Los Angeles County Museum of Art


First introduced in Italy around 1516, the chiaroscuro woodcut was the most successful early foray into colour printing in Europe. Taking its name from the Italian terms for ‘light’ (chiaro) and ‘dark’ (scuro), the technique involves printing an image from two or more woodblocks inked in different hues, employing tonal contrasts to create three-dimensional effects. A distinctive characteristic of the technique was the ability to print the same image in a variety of palettes. Over the course of the century, the chiaroscuro woodcut engaged some of the most celebrated painters and draftsmen of the time, including Titian, Raphael, and Parmigianino, and underwent sophisticated technical advancements in the hands of printmakers active throughout the Italian peninsula. The medium evolved in subject, format, and scale. Embraced as a means of disseminating designs and appreciated as works of art in their own right, these novel prints exemplify the rich imagery and technical innovation of the Italian Renaissance.

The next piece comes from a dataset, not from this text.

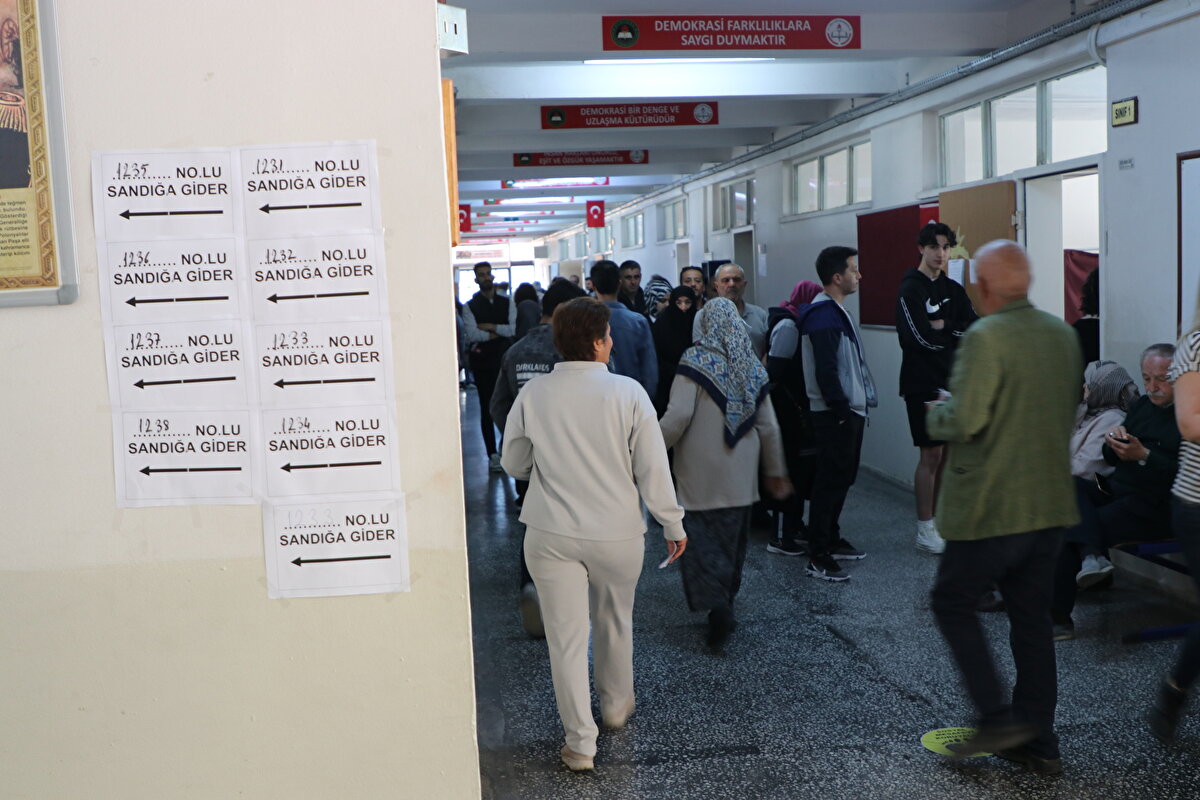 Hastalığı veya engeli sebebiyle yatağa bağımlı seçmenler için bu seçimde de seyyar sandıklar oluşturuldu. Bu seçmenler, seyyar sandıklarda oylarını kullanabilecek.<br>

Organised by LACMA in association with the National Gallery of Art, Washington, this show brings together some 100 rare and seldom-exhibited chiaroscuro woodcuts alongside related drawings, engravings, and sculpture, selected from 19 museum collections. With its accompanying catalogue, the exhibition explores the creative and technical history of this innovative, early colour printmaking technique.

Find out more about ‘The Chiaroscuro Woodcut in Renaissance Italy’ exhibition from LACMAs website.

Preview the exhibition below | See Apollo’s Picks of the Week here

A Skull, Andrea Andreani

A Skull (c. 1588), Andrea Andreani. Photo © 2018 The Trustees of the British Museum

Saint Philip, Domenico Beccafumi

Saint Philip (c. 1540), Domenico Beccafumi. Courtesy Library of Congress Prints and Photographs Division, Washington, D.C.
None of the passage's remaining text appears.